Estas foram algumas das conclusões do Executive Breakfast sobre "Transportes: um setor em convergência", que reuniu os principais players do setor. Onde foram abordadas as grandes tendências, como o foco no utilizador, a necessidade de gestão e otimização dos ativos, a crescente virtualização e a integração em sistemas de mobilidade para garantir cidades inteligente. Estes foram também os principais desafios identificados no estudo "Tendências", da APDC, cuja análise se centrou nas infraestruturas de transportes e nos operadores de transportes coletivos, analisando-se quatro grandes segmentos - Ferroviário, Aeroportuário, Rodoviário, Marítimo-Portuário.
A grande tendência nos transportes é o crescimento da população mundial, que colocará uma pressão acrescida sobre o setor. Estima-se que em 2020, 60% da população viverá nas cidades e já é visível o aumento do número de passageiros em todos os tipos de transportes. O desafio é pensar como construir uma infraestrutura gerível para tanta gente, refere Mike Greenan, Rail and Transport Infrastructure Director da Altran e Key-note Speaker do Executive Breakfast da APDC sobre "Transportes: um setor em convergência". Para este responsável, que apresentou o tema "Transports: Trends and Challenges - Opportunity for Innovation", há que "construir ativos físicos cada vez mais eficientes, fornecer melhor conetividade e gerar mais dados a partir dos seus ativos". E este é um grande desafio para todos os protagonistas, tendo em conta que já hoje é muito difícil gerir o sistema e o tráfego está a crescer todos os dias.
Esta é uma oportunidade para a inovação. Especialmente através de uma utilização inteligente dos dados que são gerados, tanto pelos ativos como pelos passageiros e pelos seus dispositivos. Podem ser analisados e convertidos em informação para usar na transformação do sistema de transportes num sistema ultra-eficiente. Criando-se nomeadamente novos sistemas mais complexos e sustentáveis, como na área da bilhética.
"Hoje, só olhamos apenas para uma pequena parte dos dados produzidos. Mas no futuro, teremos que olhar cada vez mais para eles e saber como os usar para melhorar o sistema", refere, destacando que a dificuldade está em gerir um sistema ultra complexo. É que exige uma "nova forma de pensar para sabermos como gerir melhor o setor" e uma "nova forma de pensar a infraestrutura". Mas há aqui um enorme potencial.
ACELERAR MUDANÇA É PRECISOMas como estão os operadores a olhar para o mercado?

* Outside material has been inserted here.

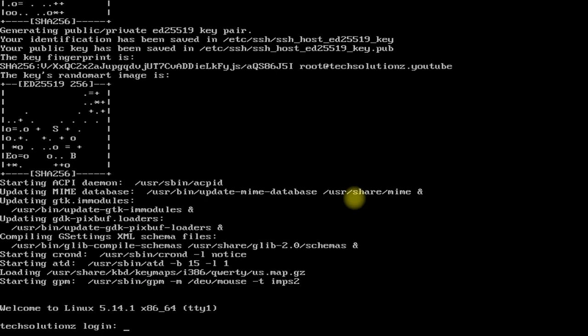Use startx to start the display GUI. Welcome to Slackware 15. Enjoy using it. Anything to ask? Comment it. Thanks for watching. Good day.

E como vêm o futuro? Numa sessão de debate moderada por Bruno Casadinho, da Altran, onde estiveram presentes representantes dos operadores de infraestruturas e de transportes, o debate foi aceso em torno da necessidade de mudança, das tendências dominantes e do papel das TIC no desenvolvimento e no futuro deste mercado. Cada vez mais focados no cliente e nas duas necessidades, os players não têm dúvidas de que o setor está em profunda transformação. E de que as TIC deverão assumir-se como um verdadeiro parceiro num processo de evolução/disrupção.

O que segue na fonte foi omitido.